=== Exercise ===
Only one stretch of the data is wanted: the line containing "ESEE_ClipPlate_Bend.jpg", the line containing "obrázek 2 Volvo", and every line between them, copied exactly.

Available data section start

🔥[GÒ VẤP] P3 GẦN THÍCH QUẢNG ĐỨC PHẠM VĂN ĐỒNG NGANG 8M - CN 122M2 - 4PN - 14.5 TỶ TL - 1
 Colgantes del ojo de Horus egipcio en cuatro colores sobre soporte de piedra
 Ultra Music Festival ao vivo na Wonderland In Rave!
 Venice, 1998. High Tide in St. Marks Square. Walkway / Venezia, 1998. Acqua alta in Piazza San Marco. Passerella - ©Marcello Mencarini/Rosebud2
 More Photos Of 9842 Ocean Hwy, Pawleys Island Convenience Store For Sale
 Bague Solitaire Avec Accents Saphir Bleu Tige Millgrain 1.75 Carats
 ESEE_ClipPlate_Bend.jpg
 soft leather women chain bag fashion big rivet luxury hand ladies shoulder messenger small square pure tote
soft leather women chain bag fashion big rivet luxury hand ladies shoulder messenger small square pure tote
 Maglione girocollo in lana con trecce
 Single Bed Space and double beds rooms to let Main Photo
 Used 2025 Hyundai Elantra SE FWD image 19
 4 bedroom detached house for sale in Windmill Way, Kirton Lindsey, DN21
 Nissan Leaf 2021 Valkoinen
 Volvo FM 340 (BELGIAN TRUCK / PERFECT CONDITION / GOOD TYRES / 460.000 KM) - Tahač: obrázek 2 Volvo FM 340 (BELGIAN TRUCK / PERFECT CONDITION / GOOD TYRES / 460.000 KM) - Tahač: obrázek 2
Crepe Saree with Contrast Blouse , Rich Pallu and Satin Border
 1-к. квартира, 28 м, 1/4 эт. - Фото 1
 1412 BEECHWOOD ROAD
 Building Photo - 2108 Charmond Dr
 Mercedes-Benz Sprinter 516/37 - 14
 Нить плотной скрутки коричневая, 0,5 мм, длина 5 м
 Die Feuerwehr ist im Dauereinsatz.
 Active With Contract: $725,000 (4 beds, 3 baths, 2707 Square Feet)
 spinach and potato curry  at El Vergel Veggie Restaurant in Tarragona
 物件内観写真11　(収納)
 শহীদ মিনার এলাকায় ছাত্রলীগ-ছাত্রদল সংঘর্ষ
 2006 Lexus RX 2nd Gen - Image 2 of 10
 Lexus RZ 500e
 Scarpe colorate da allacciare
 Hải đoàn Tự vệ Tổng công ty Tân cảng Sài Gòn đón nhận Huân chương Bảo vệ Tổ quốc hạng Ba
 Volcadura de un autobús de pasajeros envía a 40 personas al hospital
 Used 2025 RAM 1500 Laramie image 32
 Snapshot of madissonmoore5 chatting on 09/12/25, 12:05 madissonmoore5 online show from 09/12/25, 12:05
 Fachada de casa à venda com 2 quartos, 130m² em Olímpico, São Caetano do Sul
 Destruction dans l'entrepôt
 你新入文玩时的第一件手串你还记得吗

Available data section end

=== Result for this task ===
 ESEE_ClipPlate_Bend.jpg
 soft leather women chain bag fashion big rivet luxury hand ladies shoulder messenger small square pure tote
soft leather women chain bag fashion big rivet luxury hand ladies shoulder messenger small square pure tote
 Maglione girocollo in lana con trecce
 Single Bed Space and double beds rooms to let Main Photo
 Used 2025 Hyundai Elantra SE FWD image 19
 4 bedroom detached house for sale in Windmill Way, Kirton Lindsey, DN21
 Nissan Leaf 2021 Valkoinen
 Volvo FM 340 (BELGIAN TRUCK / PERFECT CONDITION / GOOD TYRES / 460.000 KM) - Tahač: obrázek 2 Volvo FM 340 (BELGIAN TRUCK / PERFECT CONDITION / GOOD TYRES / 460.000 KM) - Tahač: obrázek 2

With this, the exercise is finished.